In the next 10 years, 100,000 more children are expected to enrol in New Zealand schools.
In response to this “unprecedented population growth”, the Ministry of Education established the National Education Growth Plan (NEGP) earlier this month.
The NEGP includes a wide set of reforms: tightening of school enrolment schemes at 103 Auckland state schools, redeveloping existing schools all around the country, and constructing 30 new schools in Auckland and 31 across the rest of the country, among others.
One of the reasons for tightening school enrolment schemes is parents’ desire to send their children to certain schools. This puts pressure on high demand schools, particularly in Auckland where roughly 127,000 students attend a school within their zone; 38,000 attend a school out of their zone; and 58,000 attend a school that didn’t have an enrolment scheme.
Parents can have many reasons for preferring one school over another. Schools offer different programmes that may differently suit the individual talents and needs of their children. One could have a better rugby programme, while another has a better music programme.
For some parents, academic performance is the most important factor. When deciding which school to send their children to, parents often use NCEA league tables and decile ratings to infer the academic quality of a school.
Notwithstanding, The New Zealand Initiative’s research in Statistics New Zealand’s data lab shows that most observed differences in NCEA league tables come down to differences in the backgrounds of the students taught at different schools. This means there might be less reason to think that one school’s performance is a lot better than its neighbour’s. However, other differences can matter.

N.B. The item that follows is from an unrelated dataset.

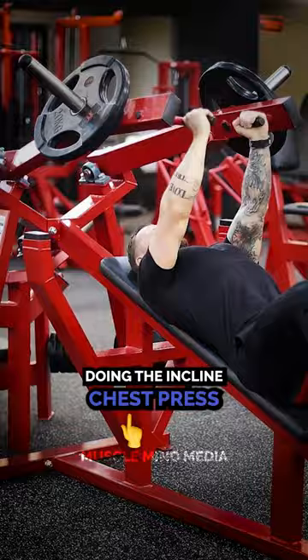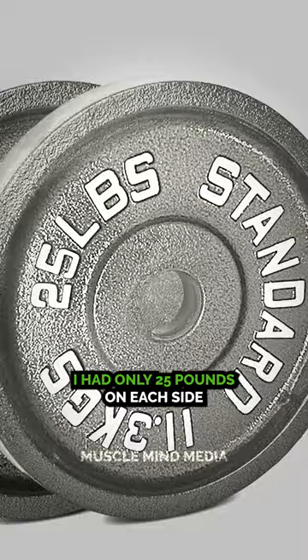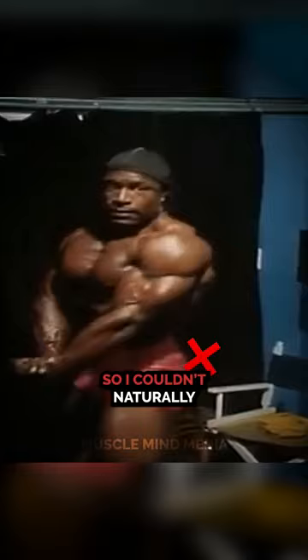At one time, doing an incline chest press — because the bench was full and the incline was full — I used the machine. I had only 25 pounds on each side, and I went up to do an incline and felt a tweak in my shoulder, because the machine was taking me in the direction it wanted to go. So I couldn't naturally make the adjustment as my body felt free in doing so. That's my problem with machines.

For this reason, the need to build more schools to meet population pressures under NEGP is an interesting opportunity to meet specific school demand and improve the quality of education across the entire system. In business good practices and products are replicated when there is demand – think of the hundreds of McDonalds, New Worlds and Warehouses all around the country. Good practices can similarly be replicated in education in New Zealand.
Why not invite successful schools to set up branch campuses to meet rising demand? The Initiative’s work in the data lab shows that while most schools are rather similar, once you separate out family background, there are some schools that do show stronger performance. High-performing schools facing strong enrolment pressure could grow, running some of the new schools that must be established and taking over others that are getting redeveloped.
There is a precedent for this kind of model. In the United Kingdom, under the Academies policy developed in 2002, high-performing schools were invited to take over schools that were having a harder time. The results from the 2002–09 Academies are promising. However, the results for the post-2010 Academies are still mixed.
Here in New Zealand, the satellite school system allows schools to set up satellite campuses in other locations; where students can receive specialist teaching from the base school while attending the host satellite school. In Taupō, the fullest school in the country, Te Kura Kaupapa Māori o Whakarewa I Te Reo Ki Tuwharetoa school, has 191 enrolled students but 118 attend satellite schools nearby.
The NEGP offers a pathway to address education infrastructure for the future; it also presents an opportunity to improve the education outcomes developed in the very classrooms they are building. The NEGP should not forget that it isn’t classrooms, chairs and desks that make a school – it’s the lessons learned inside those classrooms that matter.